WORK ITEM:
When you reach the line containing "RODOVIÁRIOS DA EMPRESA" in the entries below, start writing out each line exactly, and stop after the line containing "Image No.19-3 Bed House for sale".

MATERIAL PROVIDED:
-.-.-
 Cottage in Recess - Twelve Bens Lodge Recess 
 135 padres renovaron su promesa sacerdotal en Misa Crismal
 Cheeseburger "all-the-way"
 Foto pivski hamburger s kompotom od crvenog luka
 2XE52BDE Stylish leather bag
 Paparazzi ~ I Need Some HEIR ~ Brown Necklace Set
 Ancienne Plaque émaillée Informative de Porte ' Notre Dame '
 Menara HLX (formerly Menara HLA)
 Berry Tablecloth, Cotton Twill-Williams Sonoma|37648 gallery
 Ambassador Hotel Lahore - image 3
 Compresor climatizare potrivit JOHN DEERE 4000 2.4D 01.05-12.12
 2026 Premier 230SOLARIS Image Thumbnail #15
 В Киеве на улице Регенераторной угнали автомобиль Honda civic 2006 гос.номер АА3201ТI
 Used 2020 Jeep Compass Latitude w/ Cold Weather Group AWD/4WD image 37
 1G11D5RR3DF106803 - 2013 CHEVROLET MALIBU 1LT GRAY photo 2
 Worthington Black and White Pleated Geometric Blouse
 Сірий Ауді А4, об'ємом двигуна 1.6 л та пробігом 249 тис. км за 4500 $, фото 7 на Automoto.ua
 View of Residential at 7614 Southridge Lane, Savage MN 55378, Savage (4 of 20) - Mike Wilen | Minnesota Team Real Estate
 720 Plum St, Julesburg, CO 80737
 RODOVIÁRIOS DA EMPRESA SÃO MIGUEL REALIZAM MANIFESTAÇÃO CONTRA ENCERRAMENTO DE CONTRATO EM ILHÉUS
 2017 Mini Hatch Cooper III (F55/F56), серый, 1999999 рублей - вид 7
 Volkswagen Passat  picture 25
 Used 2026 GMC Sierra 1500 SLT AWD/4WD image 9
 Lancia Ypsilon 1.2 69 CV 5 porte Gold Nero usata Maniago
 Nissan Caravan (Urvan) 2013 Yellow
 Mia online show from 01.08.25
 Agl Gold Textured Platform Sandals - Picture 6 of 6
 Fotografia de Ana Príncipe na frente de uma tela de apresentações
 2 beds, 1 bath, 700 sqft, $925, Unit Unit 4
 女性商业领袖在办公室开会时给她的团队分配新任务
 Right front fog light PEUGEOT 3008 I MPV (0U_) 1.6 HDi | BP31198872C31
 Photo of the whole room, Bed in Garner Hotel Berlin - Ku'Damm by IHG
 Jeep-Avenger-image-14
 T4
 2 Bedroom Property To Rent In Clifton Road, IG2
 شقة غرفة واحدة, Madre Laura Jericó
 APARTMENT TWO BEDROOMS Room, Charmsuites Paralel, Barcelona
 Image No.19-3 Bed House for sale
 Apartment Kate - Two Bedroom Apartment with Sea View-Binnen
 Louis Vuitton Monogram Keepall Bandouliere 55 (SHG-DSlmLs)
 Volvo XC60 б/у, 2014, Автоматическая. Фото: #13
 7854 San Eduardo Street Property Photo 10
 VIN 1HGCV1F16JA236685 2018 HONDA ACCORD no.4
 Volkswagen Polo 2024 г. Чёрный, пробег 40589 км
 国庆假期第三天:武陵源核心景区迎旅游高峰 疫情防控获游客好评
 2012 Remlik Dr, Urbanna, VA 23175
-.-.-
REPLY:
 RODOVIÁRIOS DA EMPRESA SÃO MIGUEL REALIZAM MANIFESTAÇÃO CONTRA ENCERRAMENTO DE CONTRATO EM ILHÉUS
 2017 Mini Hatch Cooper III (F55/F56), серый, 1999999 рублей - вид 7
 Volkswagen Passat  picture 25
 Used 2026 GMC Sierra 1500 SLT AWD/4WD image 9
 Lancia Ypsilon 1.2 69 CV 5 porte Gold Nero usata Maniago
 Nissan Caravan (Urvan) 2013 Yellow
 Mia online show from 01.08.25
 Agl Gold Textured Platform Sandals - Picture 6 of 6
 Fotografia de Ana Príncipe na frente de uma tela de apresentações
 2 beds, 1 bath, 700 sqft, $925, Unit Unit 4
 女性商业领袖在办公室开会时给她的团队分配新任务
 Right front fog light PEUGEOT 3008 I MPV (0U_) 1.6 HDi | BP31198872C31
 Photo of the whole room, Bed in Garner Hotel Berlin - Ku'Damm by IHG
 Jeep-Avenger-image-14
 T4
 2 Bedroom Property To Rent In Clifton Road, IG2
 شقة غرفة واحدة, Madre Laura Jericó
 APARTMENT TWO BEDROOMS Room, Charmsuites Paralel, Barcelona
 Image No.19-3 Bed House for sale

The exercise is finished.